At 50% space efficiency, striped 2-way mirrors have more IOPS than 4-wide raidz2, but raidz2 is more resilient to multiple drive failures as well as to single drive failure + URE.
Mirrors are more flexible (can add or remove, evolve to 3-way… and can split), and the pool can grow by two drives at a time.
Raidz2 is quite inflexible, and the pool has to grow by four disks at a time. But it is safer.
Your data, your call.

Excypher · April 19, 2024, 6:29pm

Roger that, All points made clear.

Thanks again for your assistance.

Stux · April 19, 2024, 11:30pm

Of course, since RaidZ2 is less flexible, you could consider acquiring a few more disks, and starting out with 5-way or 6-way, where you see a much larger benefit from RaidZ2. Ie with 6 way you have
4 data disks and 2 parity so circa 66% storage efficiency instead of 50% with 4-way.

Ie this would double your rusty pool size from 36TB to 72TB.

Stux · April 19, 2024, 11:32pm

Mind you, RaidZ Expansion is coming

Excypher · April 19, 2024, 11:50pm

72TB on 6 disks does sound very tasty…

But it will be a long time before I have need of such an amount of space. If expansion is coming that seems like something I can deal with in the future. Thank you for bringing it to my attention though, that is definitely worth consideration.

Stux · April 19, 2024, 11:54pm

Davvo · April 20, 2024, 4:27am

You could create a RAIDZ2 VDEV in a degraded state without two drives, migrate the files, then add the drives… but it’s both risky and a PIA.

Suggested readings: iX's ZFS Pool Layout White Paper and Assessing the Potential for Data Loss.

Re: RAIDZ2 espansion, be mindful it will have its own cost as well. It’s no magic hand. Do note the caveats.

Excypher · April 20, 2024, 10:16am

Yeah honestly after saying this. I did give it a little more thought and decided to pick up a couple more drives to complete the 6 disk vdev straight away.

The better efficiency and numbers for when I end up pulling data from the slow storage attracted me.

I even snagged another 4tb to complete another vdev from those. Though I am not sure how wise that is running two of such vastly different capacities, especially given 4TB drives are very cost inefficient to replace new, and when the pool has 72TB. Not sure an additional 16 will make the difference.

I also bought an additional 2TB Sata ssd to complete the 3 way mirror special vdev, I figure with such a large capacity pool I’m going to want it.

I am going to cannibalise some higher capacity nvme drives for the fast storage to increase the space of that so I can use that for my original ingest. Just so I’m not transferring data back and fourth over a few days.

Is it preferred in this community to mark a thread as solved when it’s solved? I noticed someone marked a post of mine as a solution already.

Davvo · April 20, 2024, 10:20am

Just an annoyance.

Just do note that once added, you cannot remove it without destroying the pool.

Generally, I would say yes.
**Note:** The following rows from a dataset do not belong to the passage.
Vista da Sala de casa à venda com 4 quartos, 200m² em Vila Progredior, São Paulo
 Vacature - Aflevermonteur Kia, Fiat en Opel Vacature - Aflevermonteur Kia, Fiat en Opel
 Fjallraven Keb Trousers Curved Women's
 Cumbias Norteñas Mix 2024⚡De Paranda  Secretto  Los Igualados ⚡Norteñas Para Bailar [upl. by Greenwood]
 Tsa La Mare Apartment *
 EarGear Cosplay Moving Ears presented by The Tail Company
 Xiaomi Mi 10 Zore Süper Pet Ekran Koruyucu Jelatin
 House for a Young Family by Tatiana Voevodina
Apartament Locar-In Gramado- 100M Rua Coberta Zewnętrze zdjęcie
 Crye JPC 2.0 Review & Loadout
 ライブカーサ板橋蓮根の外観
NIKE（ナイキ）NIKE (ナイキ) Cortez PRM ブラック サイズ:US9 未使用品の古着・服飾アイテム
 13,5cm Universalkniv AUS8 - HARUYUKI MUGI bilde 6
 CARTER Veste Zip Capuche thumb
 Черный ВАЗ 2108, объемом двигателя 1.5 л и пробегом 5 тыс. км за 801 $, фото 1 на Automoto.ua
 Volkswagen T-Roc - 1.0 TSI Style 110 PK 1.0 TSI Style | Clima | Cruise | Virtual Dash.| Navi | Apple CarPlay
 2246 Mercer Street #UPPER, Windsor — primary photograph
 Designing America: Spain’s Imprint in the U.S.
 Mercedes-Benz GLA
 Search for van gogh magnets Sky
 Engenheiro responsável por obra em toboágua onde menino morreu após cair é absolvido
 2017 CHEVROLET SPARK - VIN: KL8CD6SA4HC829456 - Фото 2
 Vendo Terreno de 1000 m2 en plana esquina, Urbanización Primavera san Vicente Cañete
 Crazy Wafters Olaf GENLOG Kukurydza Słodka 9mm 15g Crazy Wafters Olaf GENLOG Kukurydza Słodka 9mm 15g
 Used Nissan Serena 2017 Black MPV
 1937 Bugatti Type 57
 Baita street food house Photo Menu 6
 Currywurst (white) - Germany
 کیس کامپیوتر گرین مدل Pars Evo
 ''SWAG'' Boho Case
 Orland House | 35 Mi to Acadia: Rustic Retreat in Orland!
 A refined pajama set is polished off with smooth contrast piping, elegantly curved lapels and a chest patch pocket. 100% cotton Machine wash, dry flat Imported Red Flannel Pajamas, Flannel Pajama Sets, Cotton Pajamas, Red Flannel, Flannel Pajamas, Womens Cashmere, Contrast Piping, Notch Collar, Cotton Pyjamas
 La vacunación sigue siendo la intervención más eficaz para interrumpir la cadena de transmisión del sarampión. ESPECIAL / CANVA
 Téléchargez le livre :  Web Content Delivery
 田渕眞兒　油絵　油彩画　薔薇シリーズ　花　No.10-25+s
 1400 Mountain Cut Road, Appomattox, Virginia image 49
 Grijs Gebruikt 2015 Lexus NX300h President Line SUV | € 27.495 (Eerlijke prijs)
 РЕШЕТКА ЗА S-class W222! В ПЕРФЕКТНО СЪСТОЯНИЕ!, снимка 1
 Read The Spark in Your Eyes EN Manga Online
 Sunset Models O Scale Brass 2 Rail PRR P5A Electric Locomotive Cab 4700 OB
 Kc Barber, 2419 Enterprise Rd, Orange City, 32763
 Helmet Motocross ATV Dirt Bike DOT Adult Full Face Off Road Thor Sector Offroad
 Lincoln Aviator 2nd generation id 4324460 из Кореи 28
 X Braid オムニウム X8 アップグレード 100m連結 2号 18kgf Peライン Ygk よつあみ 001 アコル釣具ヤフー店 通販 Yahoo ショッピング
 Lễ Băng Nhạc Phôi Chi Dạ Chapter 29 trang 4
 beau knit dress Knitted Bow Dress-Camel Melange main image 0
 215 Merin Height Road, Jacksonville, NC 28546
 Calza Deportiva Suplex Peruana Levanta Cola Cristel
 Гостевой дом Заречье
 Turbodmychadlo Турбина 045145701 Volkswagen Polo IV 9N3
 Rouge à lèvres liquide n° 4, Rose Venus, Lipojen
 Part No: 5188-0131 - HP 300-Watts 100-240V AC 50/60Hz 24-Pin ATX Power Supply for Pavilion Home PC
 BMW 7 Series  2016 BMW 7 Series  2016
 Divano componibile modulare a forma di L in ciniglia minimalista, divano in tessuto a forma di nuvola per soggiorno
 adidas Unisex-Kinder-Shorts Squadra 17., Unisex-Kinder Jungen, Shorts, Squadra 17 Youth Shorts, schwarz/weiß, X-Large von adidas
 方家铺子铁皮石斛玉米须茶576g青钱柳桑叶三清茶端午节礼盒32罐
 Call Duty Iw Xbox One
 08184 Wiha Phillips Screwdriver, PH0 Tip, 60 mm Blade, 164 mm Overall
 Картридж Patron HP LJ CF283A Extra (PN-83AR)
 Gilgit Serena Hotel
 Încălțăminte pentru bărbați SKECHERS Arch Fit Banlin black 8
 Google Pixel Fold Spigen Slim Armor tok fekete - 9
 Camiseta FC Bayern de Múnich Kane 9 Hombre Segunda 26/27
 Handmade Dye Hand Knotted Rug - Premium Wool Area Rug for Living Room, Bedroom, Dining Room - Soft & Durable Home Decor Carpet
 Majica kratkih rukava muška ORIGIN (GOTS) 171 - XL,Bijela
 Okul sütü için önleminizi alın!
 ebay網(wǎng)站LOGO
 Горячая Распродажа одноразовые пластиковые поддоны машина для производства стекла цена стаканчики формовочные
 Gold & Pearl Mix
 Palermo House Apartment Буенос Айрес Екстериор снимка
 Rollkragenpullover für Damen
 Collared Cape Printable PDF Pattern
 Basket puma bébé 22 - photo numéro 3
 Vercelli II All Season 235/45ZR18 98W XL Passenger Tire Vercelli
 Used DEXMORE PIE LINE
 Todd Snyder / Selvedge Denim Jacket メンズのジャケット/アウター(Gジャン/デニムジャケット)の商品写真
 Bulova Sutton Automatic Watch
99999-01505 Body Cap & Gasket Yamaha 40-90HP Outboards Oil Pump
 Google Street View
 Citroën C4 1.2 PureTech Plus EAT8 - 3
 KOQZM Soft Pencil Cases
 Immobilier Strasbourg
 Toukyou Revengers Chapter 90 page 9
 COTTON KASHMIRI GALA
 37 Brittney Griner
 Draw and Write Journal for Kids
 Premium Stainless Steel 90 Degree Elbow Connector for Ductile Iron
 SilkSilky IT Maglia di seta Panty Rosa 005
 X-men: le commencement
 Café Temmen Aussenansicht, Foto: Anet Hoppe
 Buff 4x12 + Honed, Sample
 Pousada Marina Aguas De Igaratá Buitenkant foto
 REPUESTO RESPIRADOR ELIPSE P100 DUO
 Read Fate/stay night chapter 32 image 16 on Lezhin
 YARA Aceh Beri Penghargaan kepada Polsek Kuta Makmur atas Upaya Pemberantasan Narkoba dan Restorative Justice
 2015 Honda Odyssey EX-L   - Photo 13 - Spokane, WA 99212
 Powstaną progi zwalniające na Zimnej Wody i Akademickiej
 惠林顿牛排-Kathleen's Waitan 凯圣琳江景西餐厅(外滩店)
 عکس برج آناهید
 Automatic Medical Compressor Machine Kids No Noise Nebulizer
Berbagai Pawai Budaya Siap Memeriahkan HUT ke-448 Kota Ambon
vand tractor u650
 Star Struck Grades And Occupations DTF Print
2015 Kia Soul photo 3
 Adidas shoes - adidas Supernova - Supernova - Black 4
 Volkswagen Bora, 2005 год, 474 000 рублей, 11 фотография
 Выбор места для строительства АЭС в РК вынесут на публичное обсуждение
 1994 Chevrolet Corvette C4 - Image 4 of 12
We moved forum recently, and some things are not as established as they should.

Excypher · April 20, 2024, 10:44am

ZFS is smart enough to distribute the data between the two vdevs in such a way to take advantage of all the disks, correct? So given it cost me £40 to get another 4tb, it kind of seems worth it to add those, if not for the performance enhancement and to not contribute ewaste.

Understood, as mentioned those drives would only gather dust in a drawer if not deployed so, makes sense.

Davvo · April 20, 2024, 10:55am

Kinda.

etorix · April 20, 2024, 7:01pm

If you’re going for capacity with 6-wide raidz2 then you probably don’t want to add a second vdev with 4 TB as you could not remove it, and the 18 TB vdev is already well above the capacity you need.